FİNAL

609 73 252
                                    

jungkook ağzı burnu kan içinde kalmış adamı yakalarından tutup kaldırdı. "katil miyim lan ben?"

kurt acıyla inilderken son nefesini vermek üzereydi, haliyle cevap vermedi bu soruya.
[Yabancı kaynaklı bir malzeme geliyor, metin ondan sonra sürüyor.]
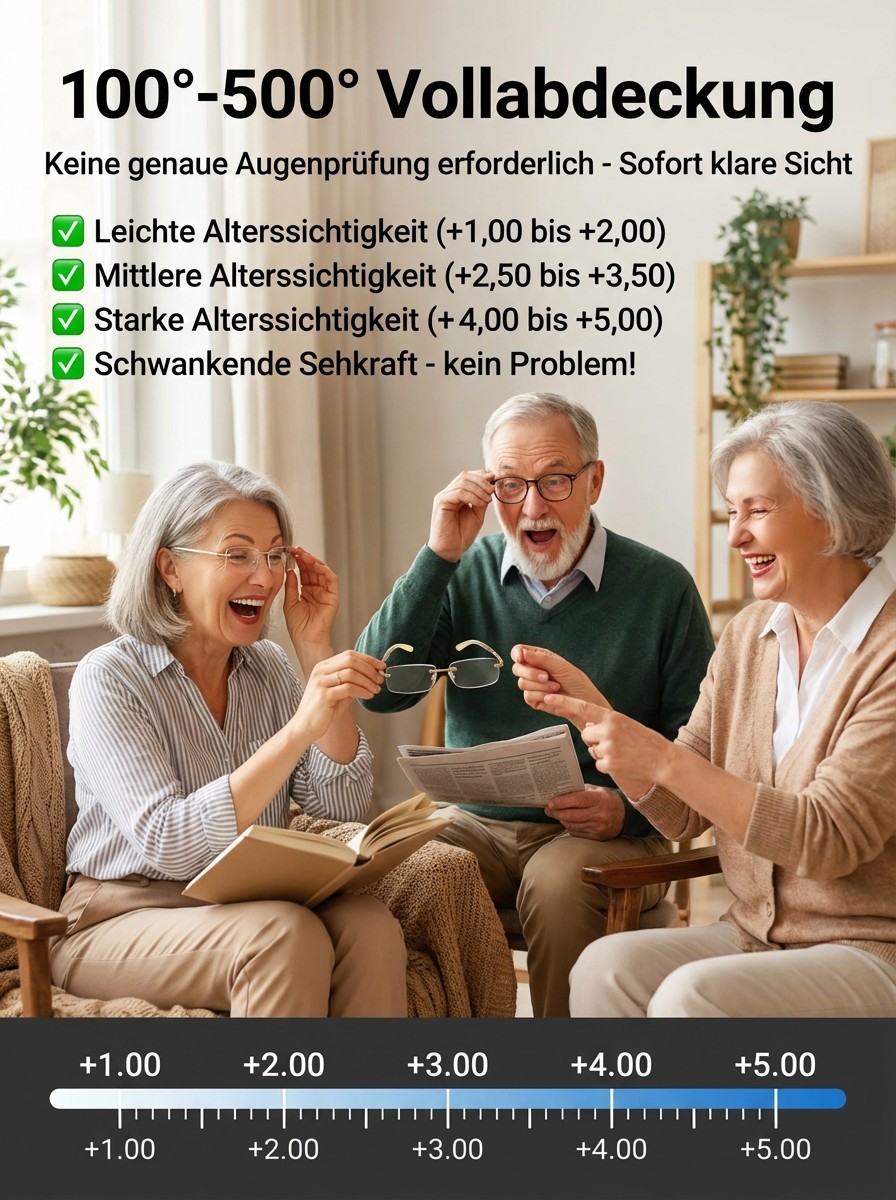 Selbstanpassender Fokus, kein Sehtest nötig: Intelligente Autofokus-Brille 👓. Deutsche Handwerkskunst aus 100-jähriger Manufaktur 🇩🇪. Intelligente Selbsttönung und Blaulichtschutz ☀️🚫. Ultraleichtes Luftfahrt-Memory-Material ✈️, 20 Jahre extrem langle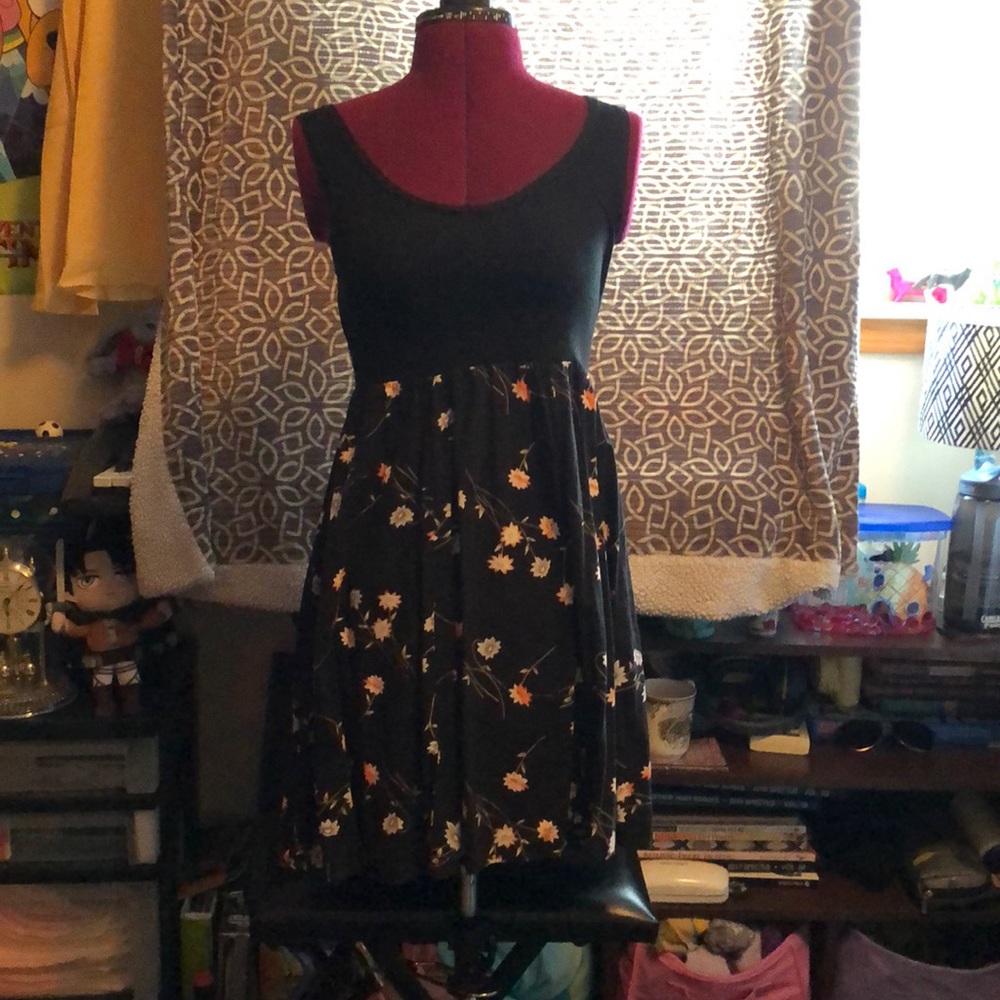Black dress with flower skirt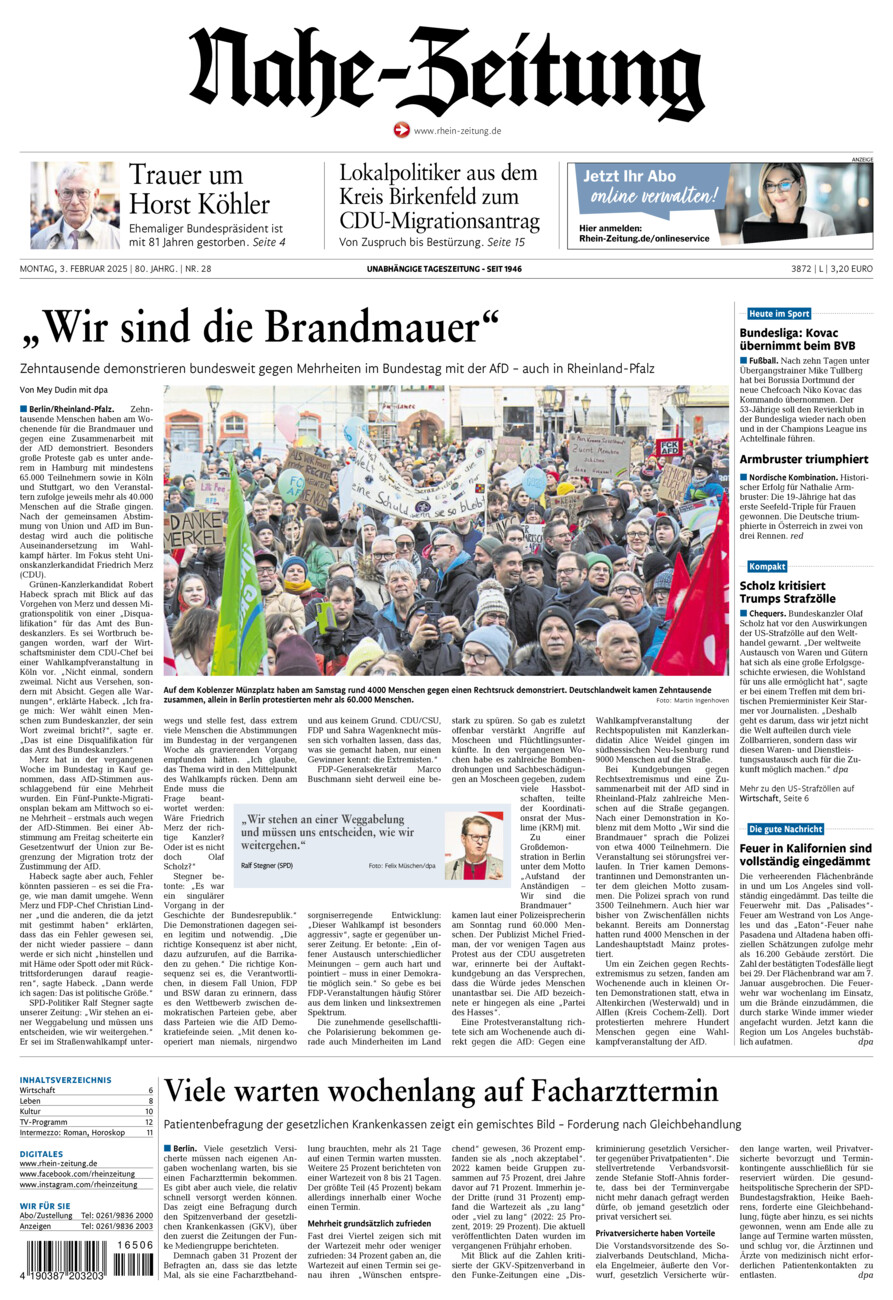 Nahe-Zeitung vom Montag, 03.02.2025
onu ittirerek yere bıraktı, ayağa kalktı. yerdeki iki kurda bakıyordu. "otuz yedi ve otuz sekiz numara, tamam."
yüzüne kan bulaşmasın diye, oysa tepeden tırnağa kıpkırmızıydı, bileğiyle ağzının üstünü sildi. "söylemeden geberdin, katil miyim ben? canavar mıyım? hayatımda sadece iki amaç için can alan ben, katil mi oldum?"
ulan siz keyfiniz için küçücük kız kardeşimi öldürdünüz be. ben sizin oğlunuza bırak dokunmayı, psikolojisini bile zedelememek için onu uzaklaştırdım. ama hem katil olan ben oluyorum hem de savaşa giren hem de terk edilen ben. hepinizi dünyanın merkezine gömsem o zaman korkulan, saygı gören ben olurdum. dünya böyle bir yer sonuçta; haklının önemi yok, güç önemli yalnızca.
zihni sustuğunda, ruhsuz bakışlarla cesedin gözünün içine baktı. bir kahkaha atarken "evet!" diye bağırmıştı. "evet ulan, katilim, canavarım!"

aniden durdu, cesetlere çömelip kollarını dizlerine dayadı. "otuz dokuz ve kırk cehennemin dibine de saklansa bulurum, bu dünyada girdiğiniz her delik benim avcumun içi ve siz sadece keyfime göre oynattığım piyonlarsınız." takım elbisesinin cebinden kağıdı ve çakıyı çıkardı. üzerinde, sıra sana geliyor, yazan kağıdı çakıyla kurdun göğsüne sapladı. "savaş mı istiyorsunuz? size kıyameti yaşatacağım."

(&&.)

seokjin elindeki poşetleri yere koyarken ayağıyla kapıyı kapattı. anahtarı ve ceketini bir yere fırlattı, odalara bakınmaya başladı.

namjoon'u odalarında bulduğunda içeri girdi, yüzündeki koca gülümsemeyle arkasından boynuna sarıldı onun. yanağına bir öpücük kondururken diğeri de başını ona yaslamıştı. "makale mi yazıyorsun yine?"

"birimizin çalışması gerek."

"jungkook ömrümüzün sonuna kadar yetecek kadar para verdi." güldü seokjin.

namjoon'un gülümsemesi soldu. "o iyi midir? son bıraktığımızda... hiç iyi değildi."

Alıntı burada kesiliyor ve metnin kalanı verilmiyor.